As part of its strategy of increasing its engagement with Asian competition regulators and developing long term relationships with those regulators, the Australian Competition and Consumer Commission (ACCC) has announced that it has just entered into an Memorandum of Understanding (MoU) with The Ministry of Commerce of the Government of the People's Republic of China (MOFCOM), the Chinese regulator responsible for administering China’s merger control regime.
Implications of the MOU
The ACCC has indicated that it expects increased communication and co-operation in relation to mergers which affect both Chinese and Australian markets. Under the terms of the MoU, and subject to various confidentiality and privacy obligations, the ACCC and MOFCOM will exchange information on market definition, theories of harm and, where appropriate, the design of remedies to address any concerns. The MoU also contemplates increased co-operation in relation to competition law and policy and enforcement matters.

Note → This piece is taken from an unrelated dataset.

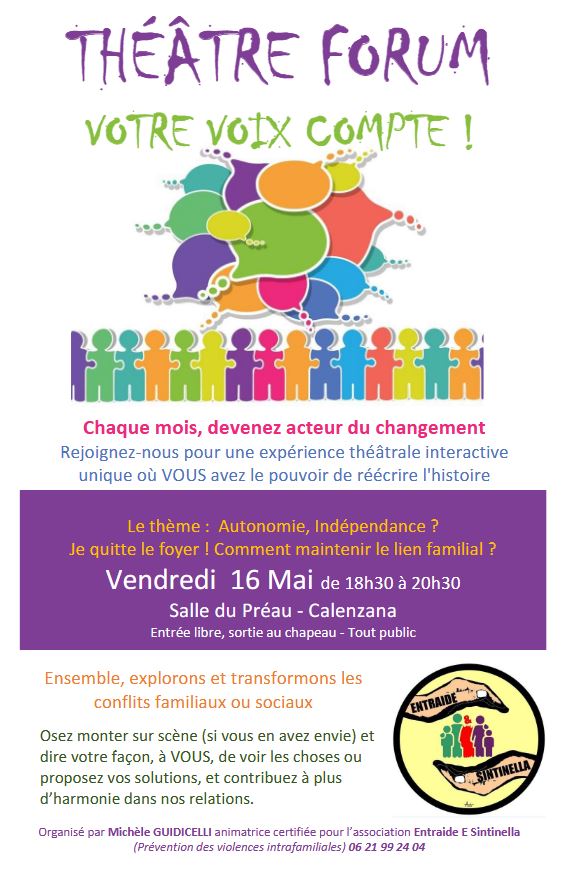 2025-05-16 Théâtre Forum au Préau de Calenzana - Autonomie, Indépendance ? Je quitte le foyer ! Comment maintenir le lien familial ?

In announcing the signing of the MoU, the Chairman of the ACCC, Rod Sims, stated that “…the rise of antitrust in Asia means the merger processes and remedies imposed by our counterparts have an increasing prospect of affecting Australian companies and consumers”.
It is worth noting that in the context of the Competition and Consumer Act (CCA), the ACCC is explicitly permitted to disclose information acquired from use of its powers under s155 of the CCA to 'a foreign government body' where the disclosure would enable that body to perform any of its functions. This would override any confidentiality obligations which might otherwise exist. Whether or not this might result in an increased use by the ACCC of its powers under s155 to gather information in relation to proposed mergers remains to be seen.